Seven months after tragedy struck a Madison high school, the father of a school shooter that took the lives of two and injured six others was ordered to stand trial for his alleged role in the devastating act.
Dane County Court Commissioner John Rome allowed the case against Jeffrey Rupnow, father of the school shooter, Natalie Rupnow, to proceed to trial. Rupnow is charged with two counts of intentionally giving a dangerous weapon to a minor and one count of contributing to the delinquency of a minor. The charges carry a maximum sentence of 18 years in prison.
The December 16th shooting that took the life of teacher Erin Michelle West and 14-year-old student Rubi Bergara was carried out using a 9mm Glock handgun as well as a .22 Sig Sauer pistol. Both firearms were purchased by her father as a way to connect with her after her parents’ divorce.
Charging parents of minors who carry out mass shootings is a relatively recent and controversial use of prosecutorial discretion. In April of last year, Oxford, Michigan shooter Ethan Crumbley’s parents were the first to be criminally convicted. Both were sentenced to at least ten years in prison.

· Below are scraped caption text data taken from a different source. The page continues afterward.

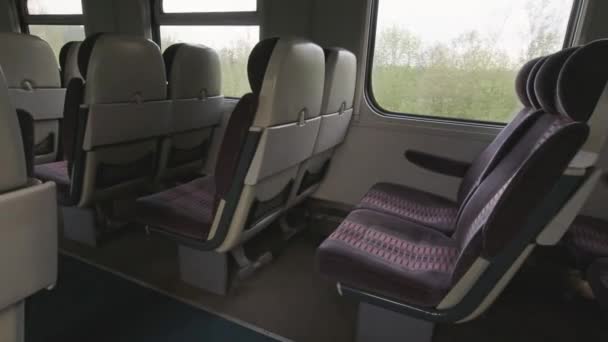 Empty seats in train with Vilnius tower view through window. Lithuania public railway transport concept. - Footage, Video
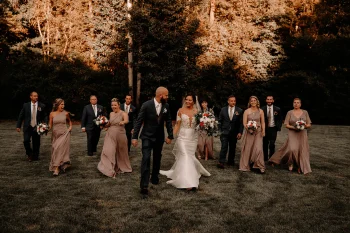 Un couple de mariés marche main dans la main avec leur cortège nuptial dans un cadre naturel au coucher du soleil.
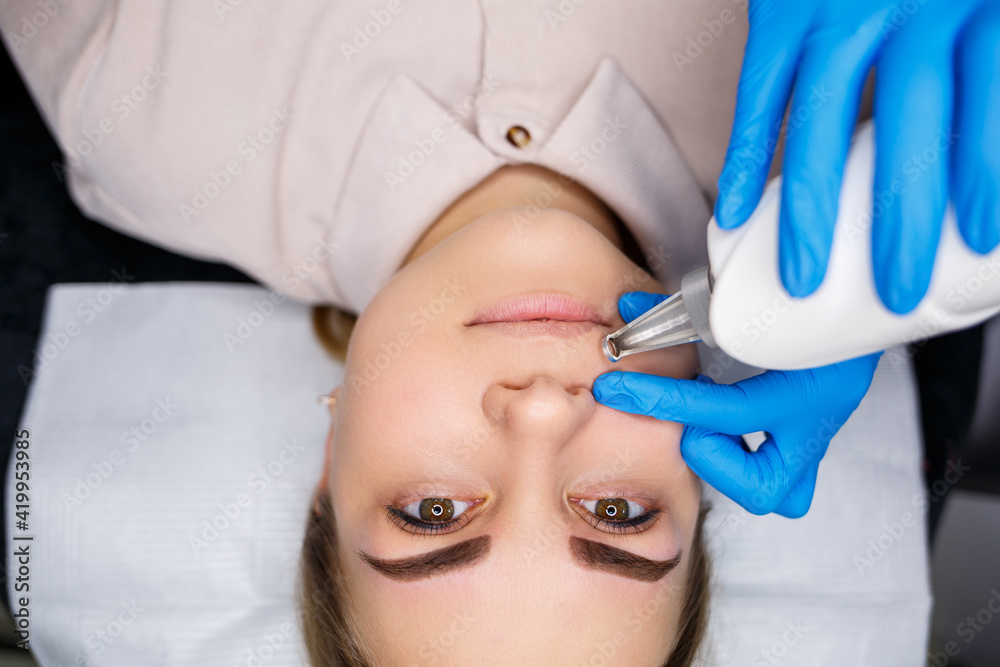 Laser removal of permanent makeup on the face. Close-up of a young woman getting tattoo correction. Correction of natural imperfections on the face. Laser removal of permanent makeup on the face. Close-up of a young woman getting tattoo correction. Correction of natural imperfections on the face.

Rupnow’s manifesto, titled ‘War Against Humanity’, described humanity as ‘filth’ and detailed her hatred for people who “smoke their lungs out with weed or drink as much as they can like my own father” while idolizing a number of other infamous mass shooters.
For his part, Jeffrey Rupnow said that he never explicitly told his daughter the code to the gun safe, but did tell her that it was his social security number backwards. He claimed that Natalie’s mother may have given her the number to unlock the safe, urging police to check her electronic devices.